Now what do we do about these idols. You have to believe and have your heart riveted by some things:

the idols of your heart cannot simply be removed, they can only be replaced. We are slaves to _____ . Most people, once realized to their condition, will white-knuckle it saying, 'I am not going to be controlled by these things!' But it will never work, at least not for very long. There is not one personal transformation in which the heart is not left with an object of ultimate beauty and joy. The heart's desire for one particular object can be conquerable, but its desire to have some object is unconquerable. Something you grasp with the mind, has to be something that rivets and captures your heart, that is the only things that is going to save you, change you. That is the only thing that will move you into the "you have died" "and your real life is with Christ". This is radical.

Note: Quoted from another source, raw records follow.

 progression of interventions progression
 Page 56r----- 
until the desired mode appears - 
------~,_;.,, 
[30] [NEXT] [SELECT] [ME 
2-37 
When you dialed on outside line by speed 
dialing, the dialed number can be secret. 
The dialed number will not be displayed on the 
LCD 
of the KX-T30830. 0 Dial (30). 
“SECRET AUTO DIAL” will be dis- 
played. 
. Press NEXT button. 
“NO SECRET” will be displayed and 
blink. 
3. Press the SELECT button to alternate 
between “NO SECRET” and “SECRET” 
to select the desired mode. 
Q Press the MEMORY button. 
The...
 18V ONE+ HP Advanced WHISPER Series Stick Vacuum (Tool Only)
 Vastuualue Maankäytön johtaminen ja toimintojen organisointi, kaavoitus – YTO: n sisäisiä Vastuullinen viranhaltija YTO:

First there is a truth. What is it? We are being told here: when you become a Christian, when you say "I believe!!!" What makes you a Christian is not now I am living in a certain way (though change does come - we are not saved by our "fruit" but there never is "fruitless" faith), what makes you a Christian is now you are IN Christ. It means God sees you as so one with Him. He looks as you as though you have died and have been raised with Him because you have in a sense. This means that God sees you free from the guilt of anything you have done wrong, having died on the cross to pay for it. But it was already paid by Him! Jesus has THE place of highest honor having come down and been brought back up victoriously. It says here that you are raised with Him. You are seated with Him. That means that if you give yourself to Jesus Christ, God now delights so much in you as if you had done everything that He had done. God delights in you as much as He delights in His own Son. Unless you know these things can you even begin to be free of people's approval, family relationships, parental expectations, the way the world sees money and power and sexual beauty. These very things that drive you, with anxiety, addictions. The only way is to first know this. Do you believe that? That is the Gospel. The Gospel is not that we give God a good record and then God blesses us, BUT rather that God, through Jesus Christ, gives us a perfect record and delights in us through Him and then we cannot help but live for Him out of the freeness of that.

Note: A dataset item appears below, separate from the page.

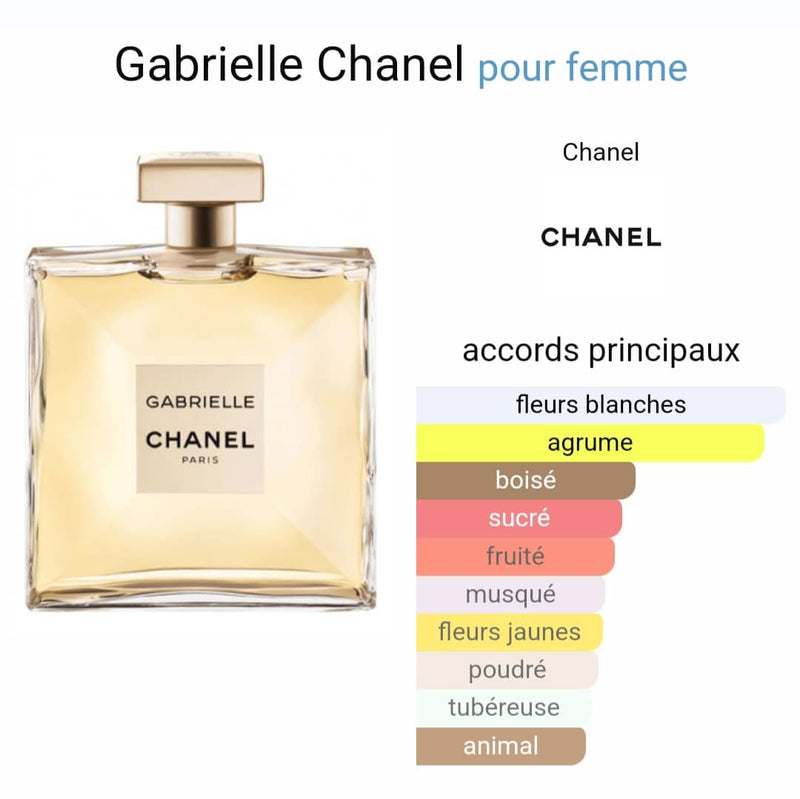 Chanel, Gabrielle, Pour Femme, 3ml (W78) (Fleurs Blanches/Agrume/Sucré/Boisé)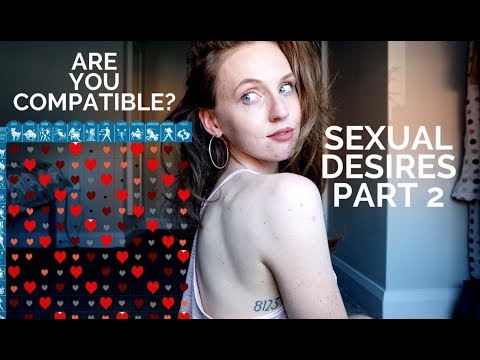 ZODIAC SIGNS SEXUAL DESIRES | Aquarius | Pisces | Aries | Taurus | Gemini | Cancer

You have to set your heart on that. (now what does that REALLY mean?)
If live for a career my whole life and fail it will beat me up for the rest of my life. But if I fail Jesus... He died for me to forgive me. Jesus is the only Savior who will satisfy you. And if you fail Him, and we do, He died for you.

Religious people, when they get down cast they start putting their emphasis on the will, and they say buck up! be strong!
Non religious people, when they are downcast put all of their emphasis on their emotions. And they say feel better about yourself, do nice things for yourself.

The REAL solution is worship. Paul is saying in Colossians 3 - go back into what Jesus has done for you. Go back into your story. You are there! He is doing that for you!

If you saw a sculptor run into the path of a bulldozer that was about to take out a prized sculpture of his you would say, 'That sculpture must have been his life!'

Jesus died for us. We were His life. When that moves you, when you see Him doing that for you, when you see yourself as being apart of that story, it changes your heart... You can then look at anything and say 'you are not my life!' Paul always does it this way. 2 Corinthians 8 - he doesn't work on the will, or the emotions, he says you know the generosity of Jesus on the cross for you, he was infinitely rich and became infinitely poor so that you through His poverty can become rich. you are freed from the need to have a lot of money... Paul takes you back into the story. You don't do it by working through the will, the emotions... Ephesians 5 - you know that Jesus was infinitely faithful to you on the cross, you now have the freedom from going to some other woman... Instead of just being generous, being faithful because I want to feel better about myself, the Gospel utterly changes you in the heart, in the root, and it frees you to live as He intended. Free from death, and free to venture into love, hope, and life to the fullest.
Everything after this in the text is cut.